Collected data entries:

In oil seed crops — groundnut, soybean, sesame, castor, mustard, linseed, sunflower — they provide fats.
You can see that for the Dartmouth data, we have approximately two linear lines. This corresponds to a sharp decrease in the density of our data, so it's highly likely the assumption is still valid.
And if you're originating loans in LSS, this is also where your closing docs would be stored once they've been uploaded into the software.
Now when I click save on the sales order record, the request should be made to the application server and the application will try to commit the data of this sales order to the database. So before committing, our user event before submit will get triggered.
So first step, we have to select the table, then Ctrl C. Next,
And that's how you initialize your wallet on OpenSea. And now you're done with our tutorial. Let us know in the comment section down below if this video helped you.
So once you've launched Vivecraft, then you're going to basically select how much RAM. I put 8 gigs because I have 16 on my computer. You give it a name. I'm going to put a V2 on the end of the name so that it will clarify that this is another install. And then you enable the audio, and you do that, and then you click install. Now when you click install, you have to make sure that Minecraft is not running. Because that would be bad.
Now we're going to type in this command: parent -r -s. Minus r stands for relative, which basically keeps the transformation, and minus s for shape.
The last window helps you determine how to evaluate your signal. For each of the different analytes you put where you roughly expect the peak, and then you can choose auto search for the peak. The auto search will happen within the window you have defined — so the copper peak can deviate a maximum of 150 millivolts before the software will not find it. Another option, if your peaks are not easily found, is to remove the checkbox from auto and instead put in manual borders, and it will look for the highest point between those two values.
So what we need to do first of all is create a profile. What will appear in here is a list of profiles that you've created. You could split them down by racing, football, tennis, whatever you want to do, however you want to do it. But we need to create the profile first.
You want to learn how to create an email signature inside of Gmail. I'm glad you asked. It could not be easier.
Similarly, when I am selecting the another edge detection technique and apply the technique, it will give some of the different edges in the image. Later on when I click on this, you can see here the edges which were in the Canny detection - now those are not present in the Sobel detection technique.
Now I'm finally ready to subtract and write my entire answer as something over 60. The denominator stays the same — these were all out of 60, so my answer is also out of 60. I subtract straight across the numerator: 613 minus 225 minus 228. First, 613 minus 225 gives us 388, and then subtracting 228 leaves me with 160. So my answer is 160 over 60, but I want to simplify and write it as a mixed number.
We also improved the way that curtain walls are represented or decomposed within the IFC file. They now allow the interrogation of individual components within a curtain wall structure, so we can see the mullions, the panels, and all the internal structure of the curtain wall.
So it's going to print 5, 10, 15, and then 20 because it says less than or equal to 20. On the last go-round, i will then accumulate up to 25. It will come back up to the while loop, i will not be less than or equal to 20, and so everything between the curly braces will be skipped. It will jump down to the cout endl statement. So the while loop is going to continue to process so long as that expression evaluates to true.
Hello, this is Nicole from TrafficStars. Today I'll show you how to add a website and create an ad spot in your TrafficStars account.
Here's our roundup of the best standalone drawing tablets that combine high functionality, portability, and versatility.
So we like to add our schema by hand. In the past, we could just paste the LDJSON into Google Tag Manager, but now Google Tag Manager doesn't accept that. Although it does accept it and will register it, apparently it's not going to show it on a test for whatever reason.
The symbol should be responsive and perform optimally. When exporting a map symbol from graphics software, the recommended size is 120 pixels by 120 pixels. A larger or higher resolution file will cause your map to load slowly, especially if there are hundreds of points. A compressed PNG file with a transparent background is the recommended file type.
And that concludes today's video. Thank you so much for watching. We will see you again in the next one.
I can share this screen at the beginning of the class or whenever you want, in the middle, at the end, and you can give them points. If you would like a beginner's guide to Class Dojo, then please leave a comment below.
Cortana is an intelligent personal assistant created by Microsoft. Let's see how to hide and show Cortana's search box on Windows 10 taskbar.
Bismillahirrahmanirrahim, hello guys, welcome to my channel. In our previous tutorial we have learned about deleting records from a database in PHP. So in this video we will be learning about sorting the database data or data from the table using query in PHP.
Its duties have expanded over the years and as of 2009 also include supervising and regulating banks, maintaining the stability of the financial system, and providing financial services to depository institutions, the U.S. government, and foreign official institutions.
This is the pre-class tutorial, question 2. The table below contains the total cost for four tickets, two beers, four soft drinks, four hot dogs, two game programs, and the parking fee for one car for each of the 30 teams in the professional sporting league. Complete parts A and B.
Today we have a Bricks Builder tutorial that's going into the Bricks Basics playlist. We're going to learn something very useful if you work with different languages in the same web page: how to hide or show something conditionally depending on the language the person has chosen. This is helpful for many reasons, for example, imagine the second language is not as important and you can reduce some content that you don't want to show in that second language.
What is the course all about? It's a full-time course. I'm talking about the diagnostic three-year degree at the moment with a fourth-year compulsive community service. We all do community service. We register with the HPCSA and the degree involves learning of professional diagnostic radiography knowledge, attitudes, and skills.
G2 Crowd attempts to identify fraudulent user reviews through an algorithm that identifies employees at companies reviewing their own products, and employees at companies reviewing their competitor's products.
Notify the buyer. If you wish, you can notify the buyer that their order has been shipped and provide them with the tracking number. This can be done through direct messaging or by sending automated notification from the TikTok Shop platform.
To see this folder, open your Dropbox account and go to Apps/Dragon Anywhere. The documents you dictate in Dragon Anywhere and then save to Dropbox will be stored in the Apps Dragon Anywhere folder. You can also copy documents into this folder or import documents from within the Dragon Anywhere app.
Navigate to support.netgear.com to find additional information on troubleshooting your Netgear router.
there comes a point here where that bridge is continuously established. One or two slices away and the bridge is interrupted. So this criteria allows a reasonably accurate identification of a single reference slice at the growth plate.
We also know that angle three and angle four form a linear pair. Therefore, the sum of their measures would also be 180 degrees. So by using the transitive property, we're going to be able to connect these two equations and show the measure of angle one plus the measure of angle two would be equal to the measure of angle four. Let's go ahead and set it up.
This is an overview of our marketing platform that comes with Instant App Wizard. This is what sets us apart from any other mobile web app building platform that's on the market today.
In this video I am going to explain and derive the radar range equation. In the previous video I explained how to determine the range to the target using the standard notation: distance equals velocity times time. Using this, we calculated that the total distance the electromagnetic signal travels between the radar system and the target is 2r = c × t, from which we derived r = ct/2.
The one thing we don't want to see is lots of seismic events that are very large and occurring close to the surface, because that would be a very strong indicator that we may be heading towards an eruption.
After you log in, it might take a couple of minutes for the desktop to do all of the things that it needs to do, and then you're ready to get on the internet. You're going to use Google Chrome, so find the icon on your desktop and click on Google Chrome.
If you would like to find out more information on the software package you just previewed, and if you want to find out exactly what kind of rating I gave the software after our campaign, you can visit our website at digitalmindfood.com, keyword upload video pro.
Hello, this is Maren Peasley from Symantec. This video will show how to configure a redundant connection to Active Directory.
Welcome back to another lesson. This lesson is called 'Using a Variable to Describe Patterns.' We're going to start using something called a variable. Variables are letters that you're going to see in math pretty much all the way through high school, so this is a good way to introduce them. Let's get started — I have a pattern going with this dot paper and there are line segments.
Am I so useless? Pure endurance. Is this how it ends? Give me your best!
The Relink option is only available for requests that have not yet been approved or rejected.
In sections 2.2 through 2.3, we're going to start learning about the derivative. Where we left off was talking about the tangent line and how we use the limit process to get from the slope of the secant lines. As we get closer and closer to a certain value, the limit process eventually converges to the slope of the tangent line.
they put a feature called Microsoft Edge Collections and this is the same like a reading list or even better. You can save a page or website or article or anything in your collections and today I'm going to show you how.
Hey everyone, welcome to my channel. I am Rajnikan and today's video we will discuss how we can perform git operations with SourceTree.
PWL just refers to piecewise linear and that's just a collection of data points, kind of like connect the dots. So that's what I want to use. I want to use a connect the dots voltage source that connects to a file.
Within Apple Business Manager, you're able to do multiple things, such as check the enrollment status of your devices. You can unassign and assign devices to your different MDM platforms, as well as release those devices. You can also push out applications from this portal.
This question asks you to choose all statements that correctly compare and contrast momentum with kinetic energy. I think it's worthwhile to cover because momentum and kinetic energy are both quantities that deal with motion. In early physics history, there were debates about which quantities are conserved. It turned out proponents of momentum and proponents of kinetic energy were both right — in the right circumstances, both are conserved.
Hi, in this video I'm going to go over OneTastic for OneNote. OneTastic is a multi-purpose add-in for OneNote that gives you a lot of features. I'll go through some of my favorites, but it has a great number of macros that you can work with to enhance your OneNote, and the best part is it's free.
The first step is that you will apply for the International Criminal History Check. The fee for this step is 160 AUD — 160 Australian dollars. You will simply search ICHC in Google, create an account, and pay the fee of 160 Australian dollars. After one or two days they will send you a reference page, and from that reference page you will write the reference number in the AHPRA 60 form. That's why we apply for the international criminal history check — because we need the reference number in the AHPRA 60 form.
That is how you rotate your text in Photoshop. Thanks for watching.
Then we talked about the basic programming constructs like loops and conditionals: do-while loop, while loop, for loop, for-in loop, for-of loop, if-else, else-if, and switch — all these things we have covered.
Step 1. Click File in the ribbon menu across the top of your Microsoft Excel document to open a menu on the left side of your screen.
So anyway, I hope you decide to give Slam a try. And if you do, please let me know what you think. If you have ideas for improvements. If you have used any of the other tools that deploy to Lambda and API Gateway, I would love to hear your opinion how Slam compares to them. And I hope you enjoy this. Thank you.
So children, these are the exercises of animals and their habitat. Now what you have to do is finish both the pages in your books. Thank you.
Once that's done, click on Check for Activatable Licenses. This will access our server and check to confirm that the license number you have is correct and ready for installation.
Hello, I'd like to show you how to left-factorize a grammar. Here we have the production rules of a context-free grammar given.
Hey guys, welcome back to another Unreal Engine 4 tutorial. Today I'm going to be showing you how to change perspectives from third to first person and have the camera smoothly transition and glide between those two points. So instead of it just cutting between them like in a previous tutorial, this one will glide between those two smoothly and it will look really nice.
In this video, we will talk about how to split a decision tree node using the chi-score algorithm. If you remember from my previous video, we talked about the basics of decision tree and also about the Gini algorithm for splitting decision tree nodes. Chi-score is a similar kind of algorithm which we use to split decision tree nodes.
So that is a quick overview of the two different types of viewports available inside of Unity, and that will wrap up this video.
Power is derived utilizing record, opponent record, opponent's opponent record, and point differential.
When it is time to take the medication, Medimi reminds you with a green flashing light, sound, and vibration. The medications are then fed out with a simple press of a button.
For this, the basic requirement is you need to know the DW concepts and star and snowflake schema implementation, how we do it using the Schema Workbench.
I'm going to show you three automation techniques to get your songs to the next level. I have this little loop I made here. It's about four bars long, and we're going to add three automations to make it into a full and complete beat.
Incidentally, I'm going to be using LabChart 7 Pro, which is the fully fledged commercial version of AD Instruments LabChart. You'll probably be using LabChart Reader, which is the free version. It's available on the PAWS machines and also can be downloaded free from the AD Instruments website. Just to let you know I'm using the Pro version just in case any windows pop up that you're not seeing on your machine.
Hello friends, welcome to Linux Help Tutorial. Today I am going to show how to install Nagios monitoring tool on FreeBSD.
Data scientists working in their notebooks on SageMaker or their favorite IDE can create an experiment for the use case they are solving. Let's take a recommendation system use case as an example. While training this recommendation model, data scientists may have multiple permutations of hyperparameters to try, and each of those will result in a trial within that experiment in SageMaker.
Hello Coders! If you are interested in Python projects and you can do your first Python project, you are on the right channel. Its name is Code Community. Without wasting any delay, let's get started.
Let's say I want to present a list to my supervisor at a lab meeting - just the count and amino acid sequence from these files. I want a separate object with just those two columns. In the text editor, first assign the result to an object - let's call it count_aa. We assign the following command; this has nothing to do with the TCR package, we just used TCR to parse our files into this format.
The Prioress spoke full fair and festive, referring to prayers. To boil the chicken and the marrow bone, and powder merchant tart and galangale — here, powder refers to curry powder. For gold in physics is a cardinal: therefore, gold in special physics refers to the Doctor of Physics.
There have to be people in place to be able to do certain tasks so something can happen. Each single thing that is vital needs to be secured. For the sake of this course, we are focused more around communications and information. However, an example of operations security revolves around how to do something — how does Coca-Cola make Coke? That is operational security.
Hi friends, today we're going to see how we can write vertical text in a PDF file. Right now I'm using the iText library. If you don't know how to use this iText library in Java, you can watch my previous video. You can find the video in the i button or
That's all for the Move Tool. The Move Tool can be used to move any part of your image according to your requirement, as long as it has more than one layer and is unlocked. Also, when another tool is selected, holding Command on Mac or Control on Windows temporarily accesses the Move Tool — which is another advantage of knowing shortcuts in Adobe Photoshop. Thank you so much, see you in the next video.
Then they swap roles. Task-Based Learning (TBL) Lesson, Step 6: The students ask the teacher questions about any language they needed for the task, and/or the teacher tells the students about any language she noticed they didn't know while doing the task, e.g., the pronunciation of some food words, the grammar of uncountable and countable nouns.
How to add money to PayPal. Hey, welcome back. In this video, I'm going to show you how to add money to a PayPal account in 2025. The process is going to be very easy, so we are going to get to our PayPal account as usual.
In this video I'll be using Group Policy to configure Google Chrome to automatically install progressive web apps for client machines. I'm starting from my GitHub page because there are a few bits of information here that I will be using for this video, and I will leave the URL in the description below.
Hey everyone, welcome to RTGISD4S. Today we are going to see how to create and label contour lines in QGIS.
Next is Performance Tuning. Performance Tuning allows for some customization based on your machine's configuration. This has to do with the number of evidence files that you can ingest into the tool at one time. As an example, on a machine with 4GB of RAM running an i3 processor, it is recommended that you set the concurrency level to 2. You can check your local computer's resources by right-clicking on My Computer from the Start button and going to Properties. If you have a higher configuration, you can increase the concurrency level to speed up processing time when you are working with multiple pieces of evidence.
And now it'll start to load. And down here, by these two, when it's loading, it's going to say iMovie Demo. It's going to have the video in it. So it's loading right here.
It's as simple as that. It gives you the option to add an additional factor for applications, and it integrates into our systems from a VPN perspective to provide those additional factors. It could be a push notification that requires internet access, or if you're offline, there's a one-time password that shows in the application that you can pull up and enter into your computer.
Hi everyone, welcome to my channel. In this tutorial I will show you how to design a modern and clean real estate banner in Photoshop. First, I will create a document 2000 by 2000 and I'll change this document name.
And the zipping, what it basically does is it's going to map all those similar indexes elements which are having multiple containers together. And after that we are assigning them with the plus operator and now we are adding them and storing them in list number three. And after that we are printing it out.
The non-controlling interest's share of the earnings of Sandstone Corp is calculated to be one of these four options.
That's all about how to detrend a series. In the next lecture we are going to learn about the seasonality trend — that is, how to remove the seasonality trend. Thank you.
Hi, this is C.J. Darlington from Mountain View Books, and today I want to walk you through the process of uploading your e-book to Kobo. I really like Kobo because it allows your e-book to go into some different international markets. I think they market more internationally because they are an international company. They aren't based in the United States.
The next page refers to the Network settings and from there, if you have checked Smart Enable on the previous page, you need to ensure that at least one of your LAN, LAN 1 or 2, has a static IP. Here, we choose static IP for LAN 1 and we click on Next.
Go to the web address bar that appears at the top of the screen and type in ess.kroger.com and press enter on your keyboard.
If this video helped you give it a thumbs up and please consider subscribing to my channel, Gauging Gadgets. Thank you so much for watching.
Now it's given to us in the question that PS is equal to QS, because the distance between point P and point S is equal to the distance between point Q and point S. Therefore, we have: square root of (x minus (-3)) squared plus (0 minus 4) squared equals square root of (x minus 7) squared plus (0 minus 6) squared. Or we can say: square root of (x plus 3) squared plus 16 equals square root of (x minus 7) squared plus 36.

To do: Which of the lines in the data hold the string "created"? Report each of them by copying it.

Answer box:
So what we need to do first of all is create a profile. What will appear in here is a list of profiles that you've created. You could split them down by racing, football, tennis, whatever you want to do, however you want to do it. But we need to create the profile first.
Cortana is an intelligent personal assistant created by Microsoft. Let's see how to hide and show Cortana's search box on Windows 10 taskbar.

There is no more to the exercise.